I picked up this sweet pre war original paint Roadmaster at the Butler show . I paid more than I wanted , but it was too sweet to pass up . Someone was in the tank and the screws are wrong , possibly the horn is wrong too ?? Serial # A22327


----------



## DJ Bill (Jan 27, 2014)

Very nice. The more Roadmasters I see the more I think I might have the wrong fork on mine. I like the paint, especially the diamonds on the seat tube. I might have to add that to my bike now.


----------



## jpromo (Jan 27, 2014)

'42 seems to make the most sense to me as well.. as far as I knew, that chainguard began early postwar, but it's possible it made its debut late before. All the parts seem to jive as if it's unmolested, but the chainring is that of a Wards Hawthorne (also CWC product). The W/H badge had horizontal screws so I doubt that was changed. It could very well be a byproduct of the late prewar era of dwindling resources.
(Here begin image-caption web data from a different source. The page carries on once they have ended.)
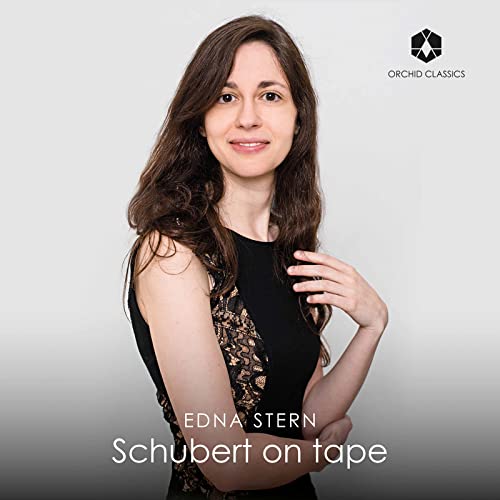 Schubert on tape von Generique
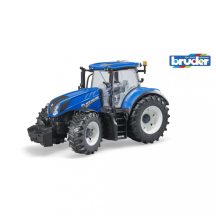 Bruder New Holland T7.315 traktor (03120)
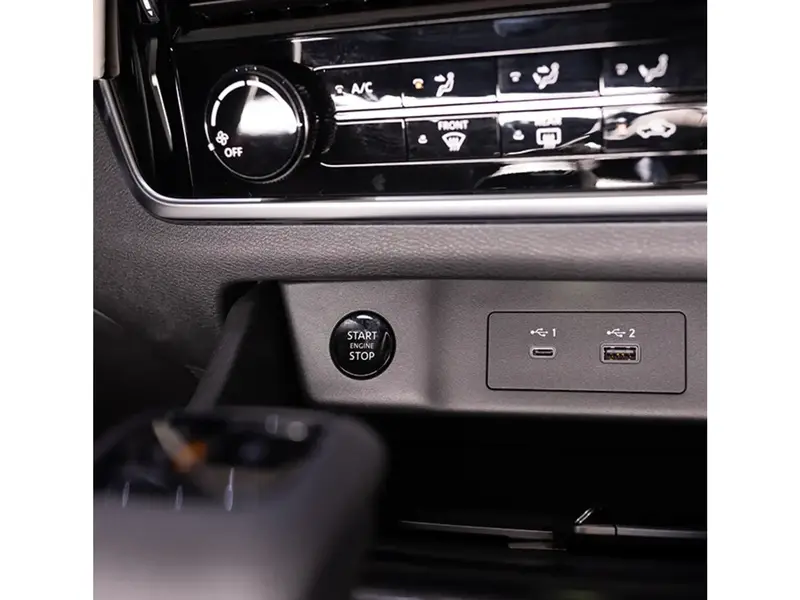Nissan X-Trail 2025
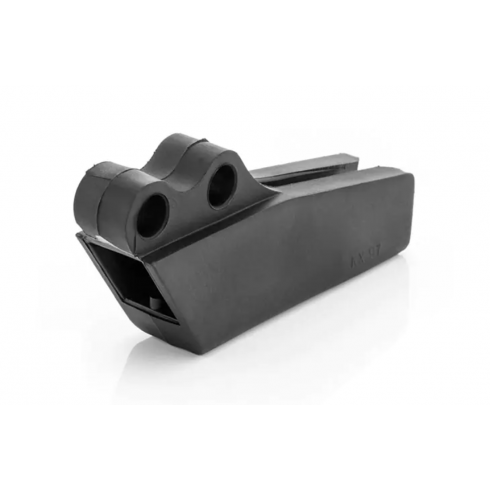 Водач верига ACERBIS Kawasaki KX125/250 97-02 Black Водач верига ACERBIS Kawasaki KX125/250 97-02 Black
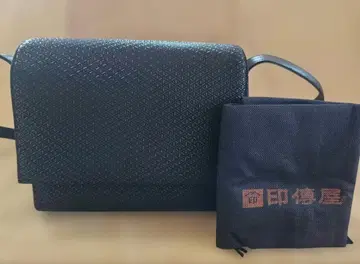 새상품/박스 포함 [인덴야] 숄더백 사선 가능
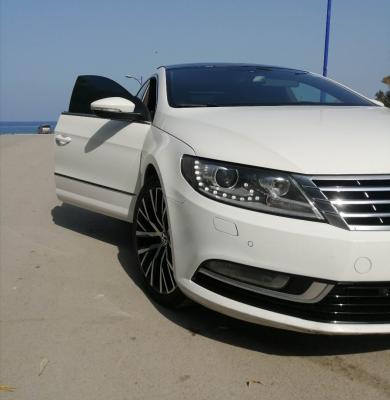 cabriolet-coupe-volkswagen-passat-cc-2013-nouvelle-bejaia-algerie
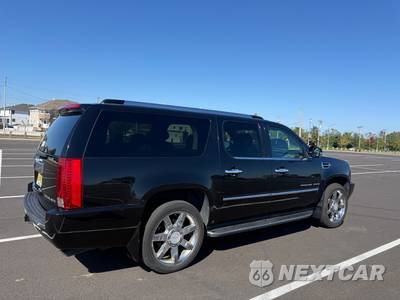 2009 Cadillac Escalade ESV - zdjęcie 5 z 24 - miniatura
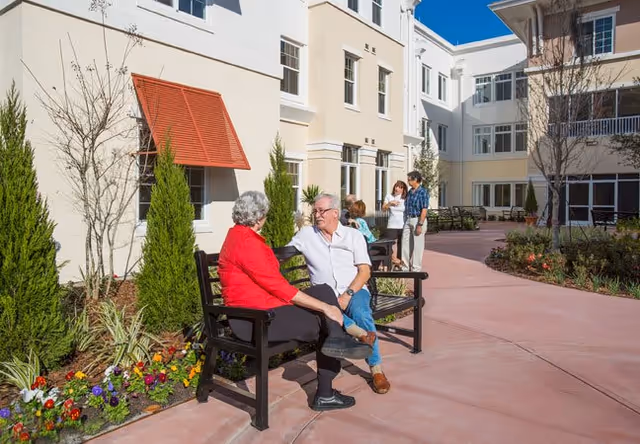 Photo 34 of Encore at Avalon Park Assisted Living and Memory Care Community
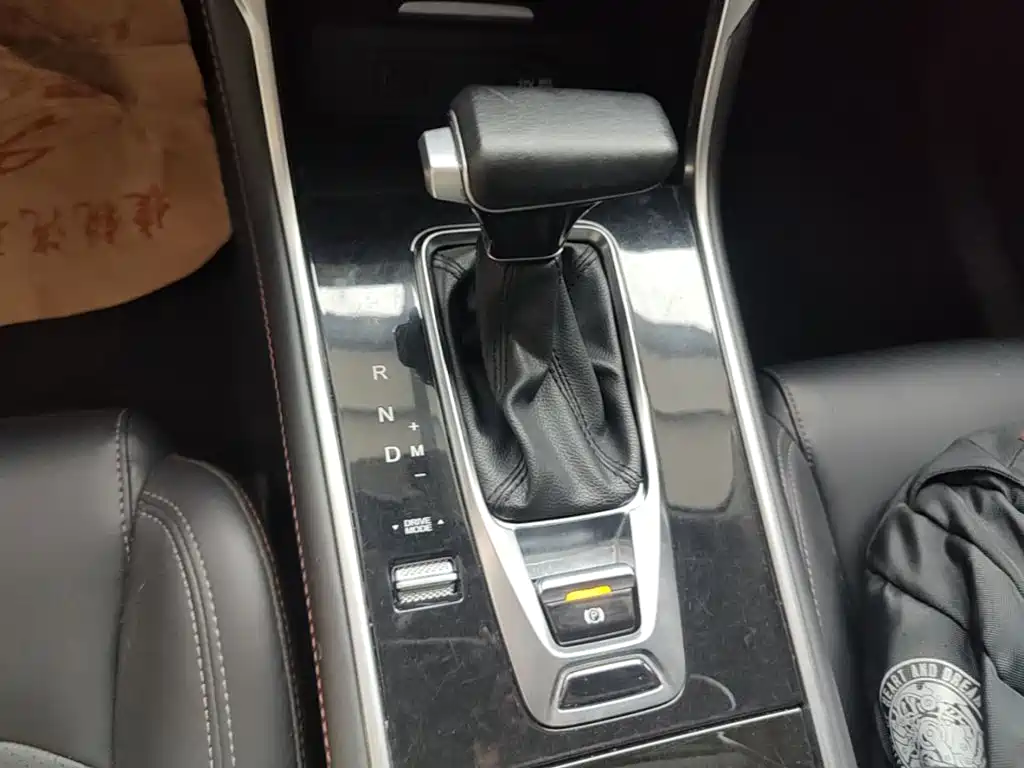 Changan CS75 — миниатюра 14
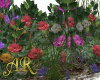 AR! Flower Bushes V2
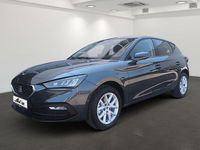 Neu Seat Leon Style 150 PS (110 kW) 2025 Grau Limousine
Either way, a beautiful bike in remarkable condition. Great find!


----------



## dogdart (Jan 27, 2014)

*That's what I thought*

originally I thought it was early post war , but I can't find any other examples with the less curved lower tube and dropstand tangs . everything appears original , I thought the same about the chainring


----------



## dogdart (Jan 27, 2014)

were Swan forks used post war ?


----------



## jpromo (Jan 27, 2014)

dogdart said:


> were Swan forks used post war ?




They were not; the earliest postwar forks were forged blade forks. A big reason I think it was assembled during the war is that, immediately after, Roadmasters were not offered with any options. You don't really see tanks and racks and other parts until late '46-47. With the stand tangs, that just wouldn't make sense since postwar frames had no tangs. I had a verified 1945 bike with no options and a D serial number. As far as I know, yours all seems to be legit. Painted rims and truss rods are typical of 1942 bikes, since they probably had a large backstock of chromed hubs. Hence, blackout hubs really turn up on late war or early postwar production.

An interesting case, for sure. I can only speculate, but it all seems to make sense and sounds good, eh?


----------



## dogdart (Jan 27, 2014)

*sounds good*

forgot this pic . post war tanks had small button higher located horn ?and on other side ? all the screws in the tank and horn were wrong  , not sure if this button is right


----------



## Muleman121 (Jan 27, 2014)

*Post war prewar?*

Sure is a great Bike! Sure do wish I could fine a fork like yours. I have a Hawthorne like your Roadmaster; many things alike. Anyone out there can help a newbe out?


----------



## THEGOLDENGREEK (Jan 28, 2014)

Thats a nice roadmaster you got enjoy it!!


----------



## Boris (Jan 29, 2014)

We need to know the serial number.


----------



## dogdart (Jan 29, 2014)

A22327   like in first post


----------



## Boris (Jan 29, 2014)

Sorry, didn't see it.


----------



## bicycle larry (Feb 1, 2014)

*road master*

a nother real nice road master .good find


----------